Все, казалось, ждали, что он продолжит рассказ, а Кори заметил:
— Каким все это сейчас кажется невероятным! Вы знаете, что все так и было на самом деле, но можете ли в это поверить?
— Никто не чувствует прошлого, — сказал Чарлз Беллингем. — То, что мы пережили, и то, о чем просто знаем, в воспоминаниях почти неразличимо. Пережитое не более вероятно и гораздо менее живо для нас, чем иные сцены романа, который мы прочли в детстве.
— Не уверен в этом, — сказал Джеймс Беллингем.
— Что ж, Джеймс, может быть, и я не уверен, — согласился его кузен, наливая себе из той же бутылки аполлинариса. — О чем мы говорили бы за обедом, если бы надо было говорить только то, в чем мы уверены?
Остальные засмеялись, а Бромфилд Кори сказал задумчиво:
— Что удивляет во всем этом робкого штатского, так это изобилие — огромное изобилие — героизма. Трусы были исключением, а люди, готовые умереть, — правилом.
— В лесах их было полно, — сказал Лэфем, не вынимая изо рта сигары.
— В «Школе» есть любопытные строки, — вмешался Чарлз Беллингем, — когда девушка говорит солдату, воевавшему под Инкерманом: «Вы, конечно, должны очень этим гордиться», а он, пораздумав, отвечает: «Дело в том, что нас там было очень много».

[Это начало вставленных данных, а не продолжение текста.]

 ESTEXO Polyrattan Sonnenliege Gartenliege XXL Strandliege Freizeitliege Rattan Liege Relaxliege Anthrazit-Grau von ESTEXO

— Как же, помню, — сказал Джеймс Беллингем, улыбаясь своим воспоминаниям. — Но зачем называть себя робким штатским, Бромфилд? — добавил он, взглянув на зятя дружелюбно и с той готовностью подчеркнуть достоинства друг друга в компании, которую часто обнаруживают бостонцы; воспитанные вместе в школе и колледже, постоянно встречающиеся в обществе, все они знают эти достоинства. — И это говорит человек, примкнувший в сорок восьмом к Гарибальди, — продолжал Джеймс Беллингем.
— О, всего лишь чуть-чуть революционного дилетантства, — отмахнулся Кори. — Пусть вы и не согласны с тем, как я себя называю, но куда делся весь этот героизм? Том, сколько ты знаешь в клубе людей, которым было бы отрадно и почетно умереть за отечество?
— Так сразу, сэр, я не сумею назвать многих, — ответил сын со скромностью своего поколения.
— И я не мог бы в шестьдесят первом, — сказал его дядя. — Однако герои нашлись.
— Вы, значит, считаете, что просто нет случая, — сказал Бромфилд Кори. — Но отчего не пробуждает героизма реформа гражданской службы, возобновление выплат золотом и налог на доход? Все это можно считать правым делом.
— Да просто нет случая, — повторил Джеймс Беллингем, игнорируя persiflage[4]. — И я очень рад этому.
— Я тоже, — с глубоким чувством сказал Лэфем сквозь туман, в котором, казалось, плавал его мозг. В разговоре много было сказано такого, чего он не понял; и говорили все слишком быстро; но тут было для него что-то вполне ясное. «Не хочу еще раз увидеть, как убивают людей». Что-то серьезное и мрачное встало за этими словами, и все ждали, что Лэфем что-нибудь добавит, но туман вокруг него снова сгустился, и он молча выпил еще аполлинариса.
— Мы, нестроевые, противились окончанию войны, — сказал пастор Сьюэлл, — но, полагаю, полковник Лэфем и мистер Беллингем правы. Будет у нас снова и героизм, если будет в том надобность. А пока надо довольствоваться повседневными жертвами и великодушными поступками. Они берут если не качеством, то количеством.